Booking.com takes a similarly elastic tack in terms of monitoring and evaluations: If it's general-purpose monitoring that another person is healthier at constructing and has horizontal capability, they’ll buy it. But when it’s instances where brand guidelines should be enforced, they’ll construct their very own evals.
Ultimately, Booking.com has leaned into being “super anticipatory,” agile and versatile. “At this point with the whole lot that's happening with AI, we’re just a little bit averse to walking through a method doors,” said Pathak. “We would like as lots of our decisions to be reversible as possible. We don't need to get locked into a call that we cannot reverse two years from now.”

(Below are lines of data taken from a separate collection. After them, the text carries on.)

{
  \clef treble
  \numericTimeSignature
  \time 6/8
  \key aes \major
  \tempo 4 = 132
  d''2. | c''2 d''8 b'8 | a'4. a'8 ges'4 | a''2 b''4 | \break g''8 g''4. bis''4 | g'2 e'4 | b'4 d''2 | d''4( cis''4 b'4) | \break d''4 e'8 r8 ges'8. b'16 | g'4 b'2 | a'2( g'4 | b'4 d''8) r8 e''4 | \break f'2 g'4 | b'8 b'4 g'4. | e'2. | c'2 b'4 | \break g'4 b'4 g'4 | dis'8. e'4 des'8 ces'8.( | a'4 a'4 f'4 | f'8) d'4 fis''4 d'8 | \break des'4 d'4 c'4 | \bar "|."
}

What other builders can learn from Booking.com’s AI journey
Booking.com’s AI journey can function a crucial blueprint for other enterprises.
Looking back, Pathak acknowledged that they started off with a “pretty complicated” tech stack. They’re now in place with that, “but we probably could have began something much simpler and seen how customers interacted with it.”
On condition that, he offered this priceless advice: When you’re just starting out with LLMs or agents, out-of-the-box APIs will just do superb. “There's enough customization with APIs that you would be able to already get numerous leverage before you select you desire to go do more.”
Then again, if a use case requires customization not available through a typical API call, that makes a case for in-house tools.
Still, he emphasized: Don't start with the complicated stuff. Tackle the “simplest, most painful problem you could find and the only, most blatant solution to that.”
Discover the product market fit, then investigate the ecosystems, he advised — but don’t just rip out old infrastructures because a brand new use case demands something specific (like moving a whole cloud strategy from AWS to Azure just to make use of the OpenAI endpoint).
Ultimately: “Don't lock yourself in too early,” Pathak noted. “Don't make decisions which can be one-way doors until you might be very confident that that's the answer that you desire to go together with.”